Il tempo per i veneziani è dilatato, siamo sempre in movimento, come le onde della nostra laguna, sappiamo quando partiamo ma non quando arriviamo. Per noi è normale prendere gli autobus, camminare per arrivare a destinazione, prendere un traghetto. La cosa più anormale è guidare una macchina.

Anche il Sior Pare ha sempre ragionato così, per andare al lavoro prendeva l’autobus, faceva le spese nei negozi della zona o prendeva l’autobus con il suo fido carrellino e andava al mercato. Non erano ancora i tempi dei centri commerciali.

Ad un certo punto però si è reso conto che qui senza macchina non era come Venezia, dove tutto è a portata in pochi minuti di camminata. Così si è deciso a farsi la patente. La sua prima macchina, una Simca 1100 color turchino, ridipinta poi di un color caffèlatte inguardabile. Per me rimarrà sempre il “Grande Mazinga”, perché riusciva a farmi vedere la città dall’alto quando passava sopra ai cavalcavia.

C’era una barzelletta tanti anni fa in cui si diceva che un veneziano alla guida lo riconosci subito. Per andare a Treviso mette la seconda marcia a Mogliano. Il Sior Pare deve averla presa come una legge e non come uno scherzo. Non si è mai capito bene perché, ma in bicicletta o con l’autobus ci mettevo sempre meno tempo che con lui alla guida della macchina!

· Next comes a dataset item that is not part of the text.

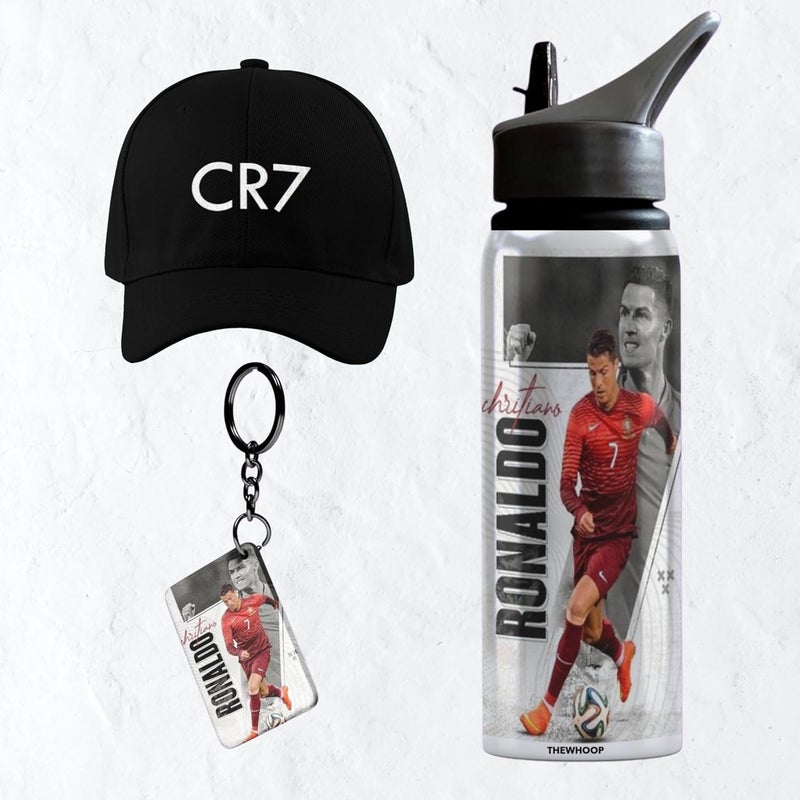 THEWHOOP THEWHOOP Cristiano Ronaldo Printed Sipper 750 ml Aluminium Bottle Cap Keychain with Holding Grip Feature Best Gift for CR7 Football Sports Fans GREY  - Image 1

Eppure era sempre pronto, andiamo a Vittorio Veneto a trovare gli zii (un’ora e mezza di viaggio contro i normali 40 minuti), andiamo a Levico (circa 4 ore e mezza di viaggio), Jesolo (un’ora e mezza)… saliva in macchina, Siora Mare pronta a fare da navigatore dicendo sempre “Gira daa parte mia (gira dal mio lato)” perché non è mai riuscita a distinguere la destra dalla sinistra, ma è l’unica della famiglia ad aver un senso dell’orientamento innato. Con ovviamente poi annesse offese varie perché “Te go ditto de girar de quà, no ti me scolti mai! (Ti ho detto di girare di quà, non mi ascolti mai!)” ” Ma se ti me dixi gira de eà, mi come ca… fasso a saver da che parte xe eà?!?” (Ma se mi dici gira di là, come ca… faccio a sapere da che parte è là?!?)

Nonostante tutto a lui piaceva guidare, mi portava a tutti gli allenamenti e alle partite, dai miei compagni di classe, a far piccole gite. Non era di certo un pilota provetto, anzi, e aveva scelto una macchina davvero pessima che ogni tre per due era dal meccanico, eppure durò ben vent’anni. Questo grazie soprattutto alle sue premurose cure. La lavava in giardino il sabato pomeriggio e io mi divertivo un sacco ad aiutarlo. Si rompeva qualcosa? Beh, lo aggiustava lui senza pensarci troppo sopra. Eccolo ricostruire tutta la marmitta con le lattine dell’olio e quelle della carne in scatola saldate ben insieme!

Alla fine per lui non contava il mezzo di locomozione, ma il perché. Ti porto a fare qualcosa che ti piace, che ti appassiona. E io sono contento di questo.